Problem to work on: Word for word, restate the lines from the one holding "фото 1 Ламізил" through the last line of the material below, and leave every picture out.

Information supplied:

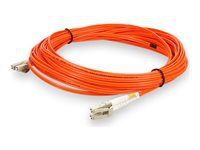AddOn - Cordon de raccordement - LC/UPC multimode (M) pour LC/UPC multimode (M) - 1 m 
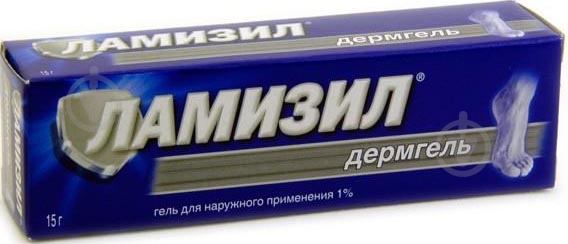 Ламізил дермгель по 15 г у тубах гель 1% - фото 1 Ламізил дермгель по 15 г у тубах гель 1% - фото 1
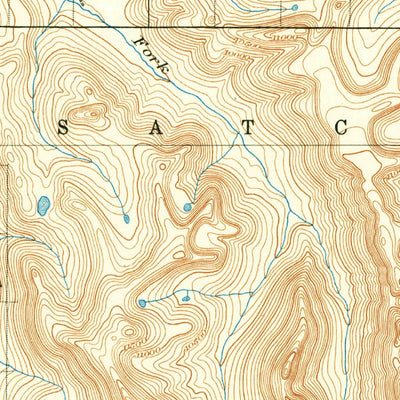 United States Geological Survey Hayden Peak, UT-WY (1901, 125000-Scale) digital map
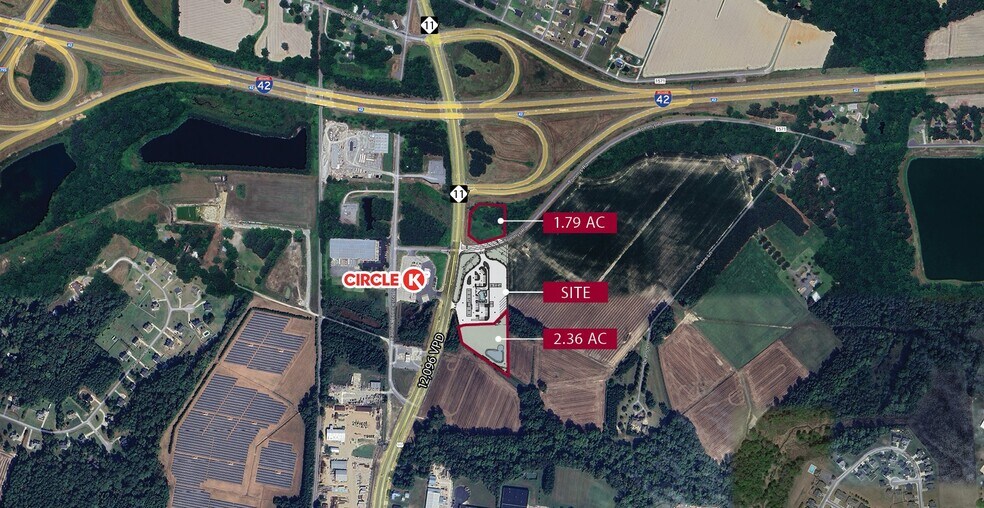 0 N Williams St, Goldsboro, NC for sale - Aerial - Image 1 of 3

Exercise solution:
 Ламізил дермгель по 15 г у тубах гель 1% - фото 1 Ламізил дермгель по 15 г у тубах гель 1% - фото 1
 United States Geological Survey Hayden Peak, UT-WY (1901, 125000-Scale) digital map
 0 N Williams St, Goldsboro, NC for sale - Aerial - Image 1 of 3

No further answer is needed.